Sunlight Foundation Releases Open Data for State Governments
In a ramp-up to next month’s Sunshine Week, the Sunlight Foundation has announced Open States, a portal to give citizens access to state-based government data, such as names of state legislators and state legislation.
The nonprofit, nonpartisan Sunlight Foundation promotes greater government openness and transparency through the Internet, and provides new tools and resources for both media, such as the NPR StateImpact Project, and citizens. The Open States project has taken four years to create.

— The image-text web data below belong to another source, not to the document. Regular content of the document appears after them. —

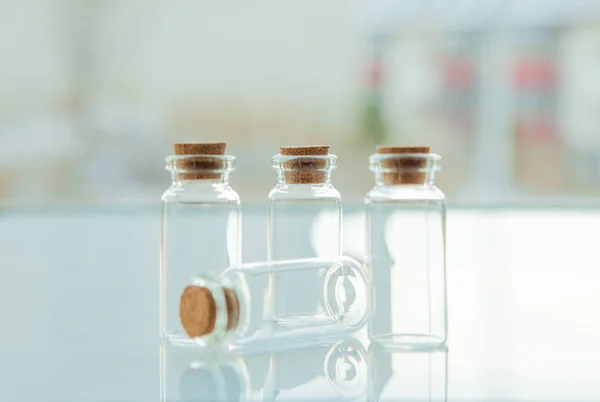 Empty little bottles with cork stopper, close-up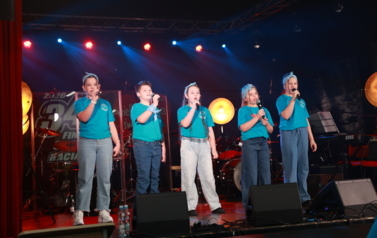 sześcioro dzieci w wieku szkolnym śpiewa na scenie 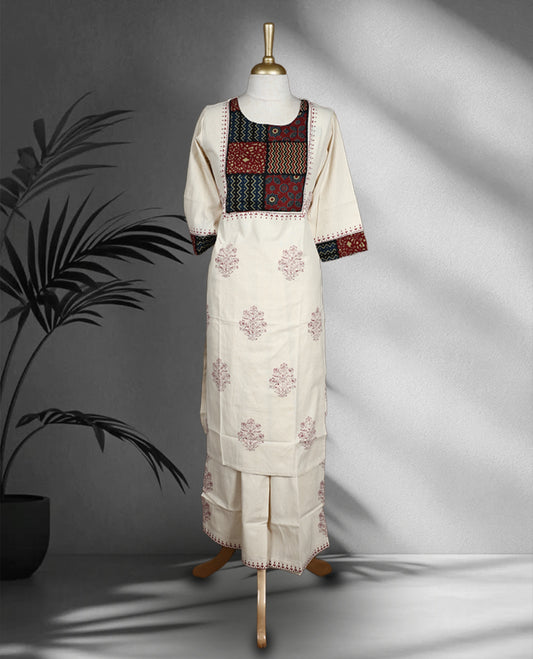 Cream colour cotton cord set with maroon floral prints, highlighted by vibrant patchwork on the yoke and sleeve borders, Paired with matching straight pants.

“If you’re interested in your state lawmaker, you’ll be able to get notifications for their actions, a map of their district, voting records, committee assignments, campaign finance records from Influence Explorer, local news articles and contact information,” the organization writes in its blog describing the project. “If you’re curious about a particular piece of legislation, Open States allows you to check on its status, find the sponsors, break down votes, view bill text and all supporting documents.” The system also enables users to search for various categories of legislation across state lines, and will be updated over time.
What was particularly a challenge was obtaining all the information from the various state websites, where it’s located in different formats, and putting it all in a standard format, the organization writes. It is scheduled to hold a free training webinar on Friday, February 22 from 1 to 2 pm EST on how to use the site.
Open States also has a companion iPhone and iPad app to browse the data remotely. In addition, the data is available through an API or by bulk download, while the code is open sourced and available on GitHub.
Sunshine Week, scheduled for March 10-16, is a national initiative to promote a dialogue about the importance of open government and freedom of information. Sponsored by the American Society of Newspaper Editors and the Reporters Committee for the Freedom of the Press, participants include news media, civic groups, libraries, nonprofits, schools and others interested in the public’s right to know.